Der Erinnerungsführer hat keinen Anspruch auf eine weitere Entschädigung für Aufwand. Nach § 191 Halbs. 1 SGG i.V.m. § 6 Abs. 1 JVEG erhält derjenige, der innerhalb der Gemeinde, in der der Termin stattfindet, weder wohnt noch berufstätig ist, für die Zeit, während der er aus Anlass der Wahrnehmung des Termins von seiner Wohnung und seinem Tätigkeitsmittelpunkt abwesend sein muss, ein Tagegeld, dessen Höhe sich nach § 4 Abs. 5 Satz 1 Nr. 5 Satz 2 des Einkommensteuergesetzes bestimmt. Es beträgt 6 EUR bei einer Abwesenheit von weniger als 14, aber mindestens 8 Stunden. Eine notwendige Abwesenheit von 8 Stunden kann hier nicht anerkannt werden; zu akzeptieren sind nur 7 Stunden. Dem liegen folgende Überlegungen zugrunde: Der Erinnerungsführer war um 12:30 Uhr zur Untersuchung geladen; die Fahrzeit beträgt nach dem Routenplaner falk für die kürzeste Strecke 1,5 Stunden. Nachdem die Untersuchung tatsächlich um 12:20 Uhr begann, kann die Abfahrt angesichts eines notwendigen Zeitpuffers allenfalls ab 10:00 Uhr (nicht ab 9:00 Uhr wie im Antrag angegeben) berücksichtigt werden. Damit kann dahingestellt bleiben, ob die angegebene Rückkehr um 17:45 Uhr wahrscheinlich ist.

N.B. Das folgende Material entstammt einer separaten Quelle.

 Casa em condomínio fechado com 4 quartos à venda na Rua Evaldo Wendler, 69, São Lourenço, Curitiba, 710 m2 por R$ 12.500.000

Die Kosten der notwendigen Begleitperson sind in § 191 Halbs. 1 SGG i.V.m. § 7 Abs. 1 JVEG geregelt. Danach werden die in den §§ 5, 6 und 12 JVEG nicht besonders genannten baren Auslagen ersetzt, soweit sie notwendig sind (Satz 1); dies gilt insbesondere für die Kosten notwendiger Vertretungen und notwendiger Begleitpersonen (Satz 2). Ob die Begleitung tatsächlich notwendig ist, ist eine Tatfrage und im Zweifelsfall vom Gericht nach freiem Ermessen zu entscheiden (vgl. Senatsbeschlüsse vom 27. September 2009 - Az.: L 6 SF 408/05 und vom 8. Februar 2000 – Az.: L 6 B 60/99 SF; Meyer/Höver/Bach, JVEG, 25. Auflage 2011, § 7 Rdnr. 7.15). Angesichts der Ausführungen des Dr. O. im Gutachten vom 15. November 2010 hat der Senat hinsichtlich der Notwendigkeit der Begleitperson keine Bedenken. Dies wird nunmehr auch von dem Erinnerungsgegner anerkannt. Zu erstatten ist der Begleitperson wie einem Zeugen grundsätzlich der Bruttoverdienstausfall (§ 22 JVEG). Trotz zweimaliger Anforderung unter Fristsetzung hat der Erinnerungsführer allerdings keine Unterlagen zu dem Bruttoverdienst seiner Ehefrau eingereicht. Für die beantragte pauschale Entschädigung von 80,00 Euro gibt es keine Rechtsgrundlage.

Allerdings erhält der Erinnerungsführer für sich und seine Ehefrau eine Entschädigung für Zeitversäumnis nach § 20 JVEG in Höhe von jeweils 21 Euro (3,00 Euro x 7 Stunden). Nach dieser Vorschrift erhalten Zeugen als Entschädigung für Zeitversäumnis 3 Euro je Stunde, soweit weder für einen Verdienstausfall noch für Nachteile bei der Haushaltsführung eine Entschädigung zu gewähren ist, es sei denn ihm ist durch seine Heranziehung ersichtlich kein Nachteil entstanden. Ein solcher Nachteil kann sowohl bei dem Erinnerungsführer als auch bei seiner berufstätigen Ehefrau unterstellt werden. Letztere erhält - wie oben ausgeführt, gerade keinen Verdienstausfall.

Das Verfahren ist gebührenfrei; Kosten werden nicht erstattet (§ 4 Abs. 7 JVEG)

Die Beschwerde an das Bundessozialgericht findet nicht statt (§ 4 Abs. 4 S. 3 JVEG).